Never let the DLQ grow silently. We alarm on it at a depth of 1. An event in the DLQ means something we did not anticipate happened; we want to know immediately, not in a weekly review.

Cold starts and why Go helped

Go's binary startup time is measured in milliseconds. On the warmest of JVM services I've run, you're waiting hundreds of milliseconds just to get to your first line of business logic. With Go on Lambda, cold starts were a non-issue at our scale — the p99 cold start was under 80ms, well inside our 200ms end-to-end budget.

We also kept the handler lean: no global HTTP client pools to initialize, no dependency injection frameworks, one DynamoDB client initialized in init(). The smaller the binary, the faster the deploy and the faster the cold start.

The serverless vs. long-running consumer tradeoff

Serverless won here because our traffic is spiky and unpredictable. Lambda scales to zero at night and bursts to dozens of concurrent invocations during peak without any tuning. A long-running consumer — an ECS task, a dedicated EC2 box — would either over-provision or lag under sudden load spikes.

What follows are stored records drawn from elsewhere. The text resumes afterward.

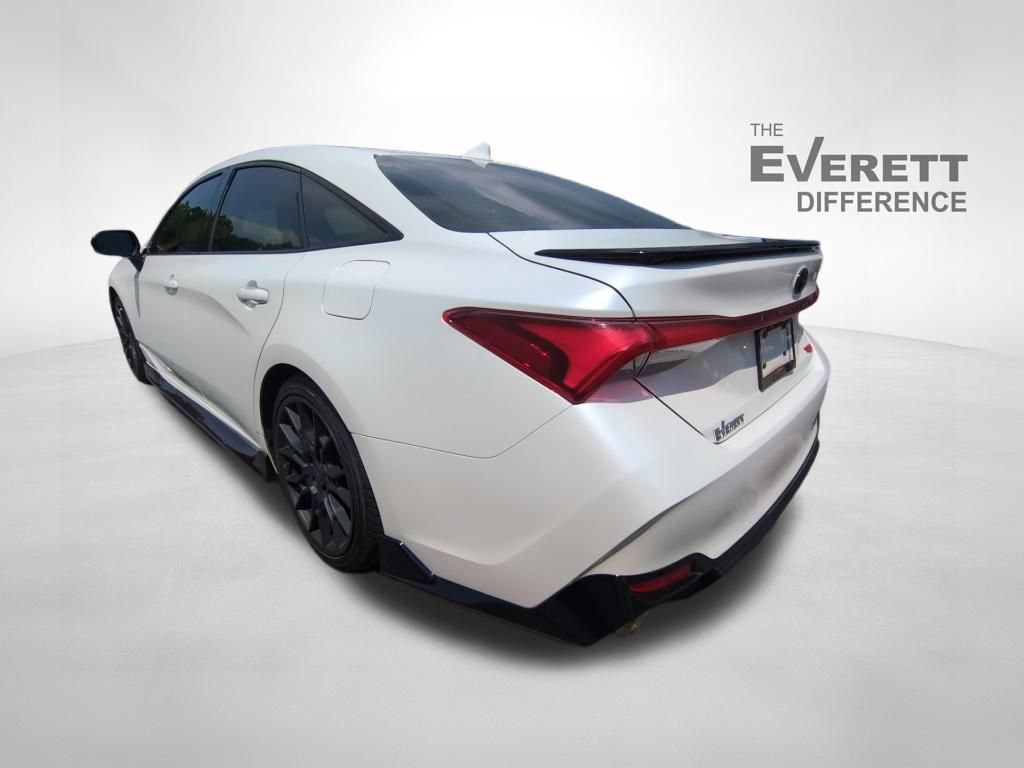 Used 2020 Toyota Avalon TRD FWD image 6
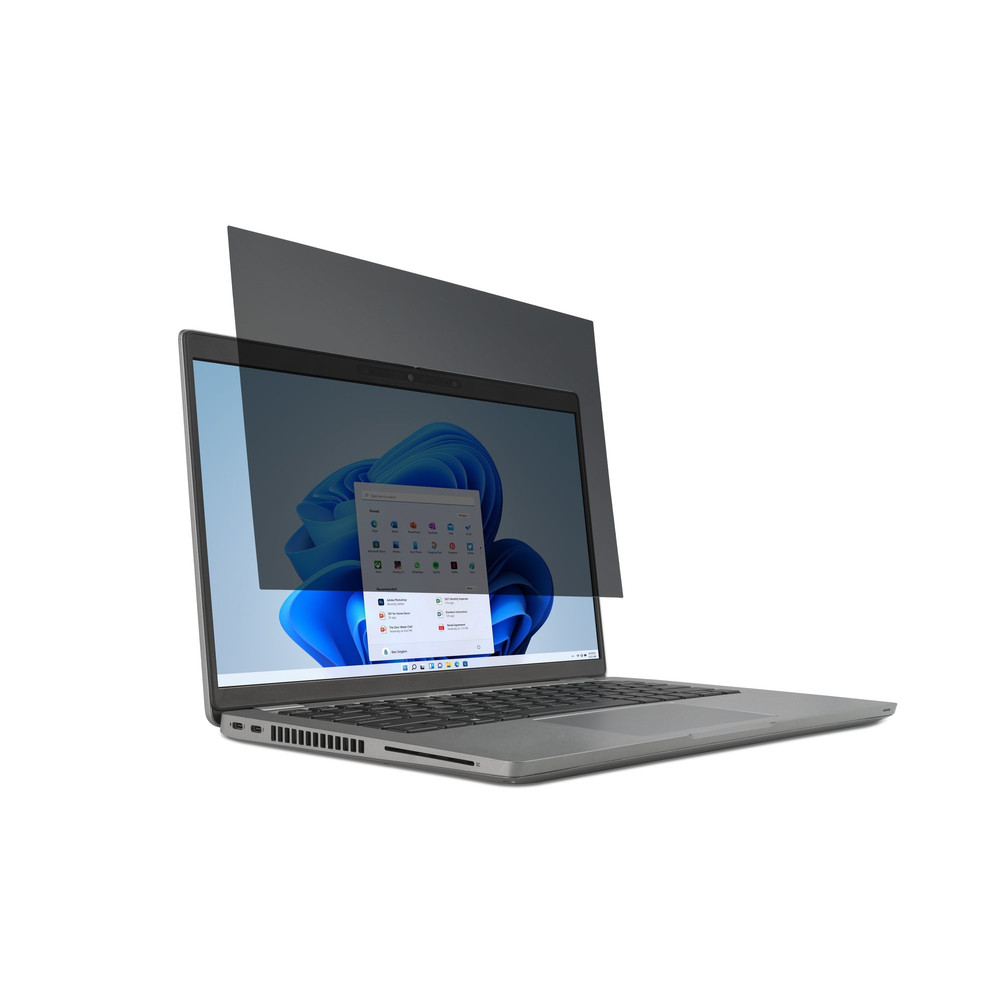 Kensington filtre de confidentialité Premium pour écran PC 12 5" 16:9 anti rayures anti reflets anti lumière compatible avec les PC Lenovo ThinkPad HP et Dell 626455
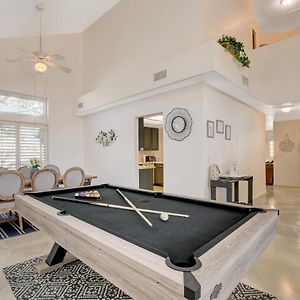 10 Min To Strip! Bright & Cozy Home W/ Pool Table Λας Βέγκας Exterior photo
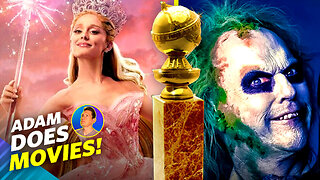 The Golden Globes 2025 Nominees + Biggest Snubs - LIVE!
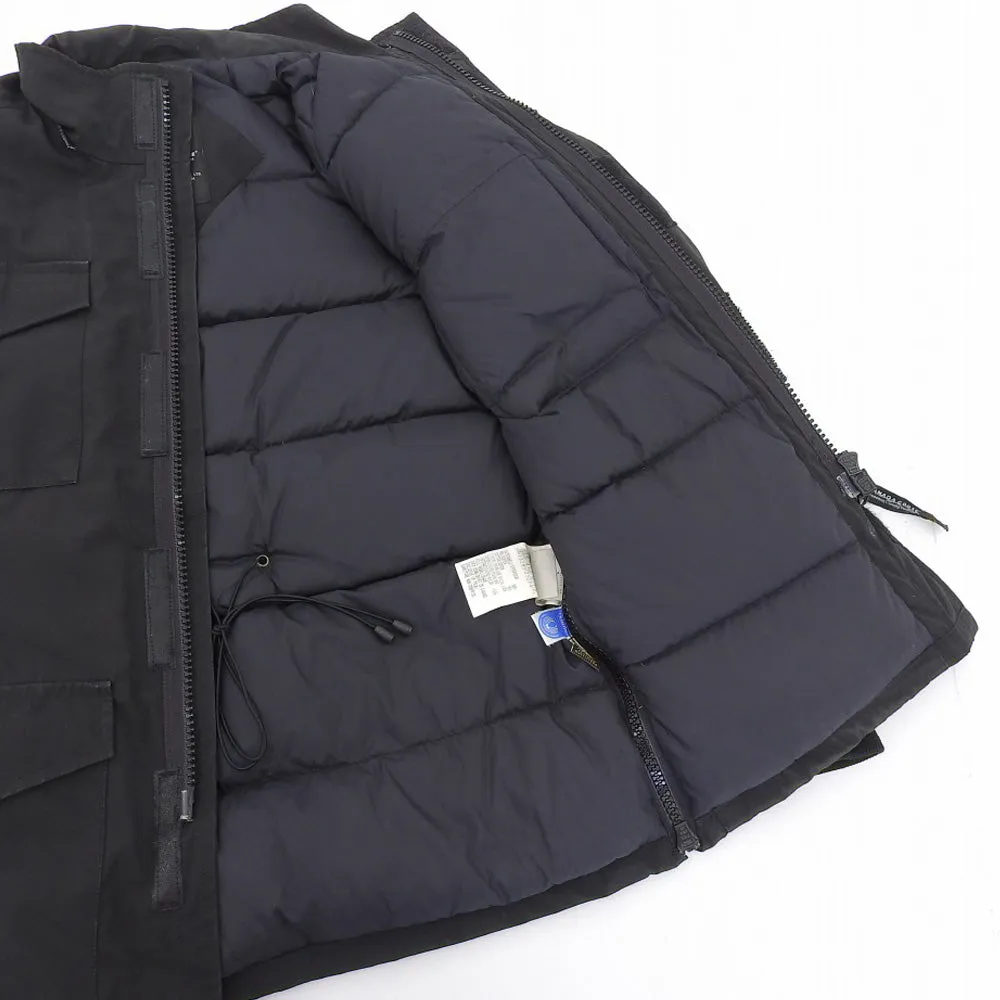 Canada Goose Down Jacket Constable Parka Black S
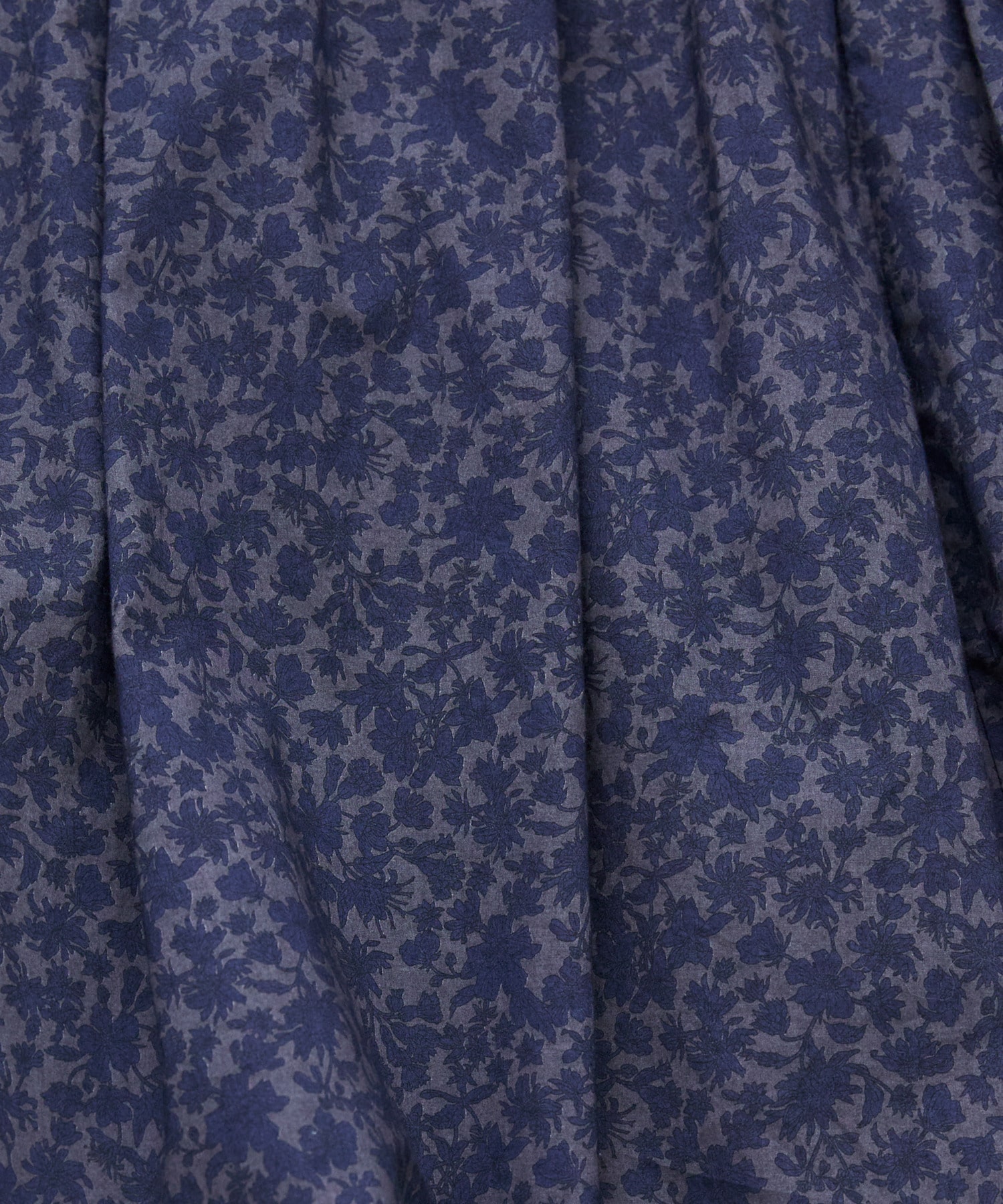 【congés payés】｜2BUY10%OFF・3BUY20%OFF｜オーバーダイプリントシャツ 詳細画像 ネイビー 17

The calculus flips when you have sustained, predictable throughput above a certain rate. At that point, the per-invocation cost of Lambda exceeds what you'd pay for a reserved instance running a tight consumer loop, and you lose fine-grained backpressure control. For anything above a few million events per day at continuous load, I'd reach for a long-running consumer. Below that, and especially where load is irregular, serverless is hard to beat on cost and operational overhead.

What the numbers look like

After six months in production: 100k events per day average, 200ms p99 end-to-end latency (measured from SQS send to DynamoDB confirm), 99.99% event delivery rate, zero production incidents. The DLQ has fired twice — both times caught by the alarm within two minutes.

The refactor also reduced costs compared to the previous Python setup, mostly because Lambda duration dropped by 60%. The performance gains from switching languages — covered in depth in cutting Postgres query latency for a different service — compound across your whole compute bill.

If you're building something similar: nail the idempotency first, get the partition key right before you have traffic, and treat the DLQ as a first-class signal rather than a safety net you never look at.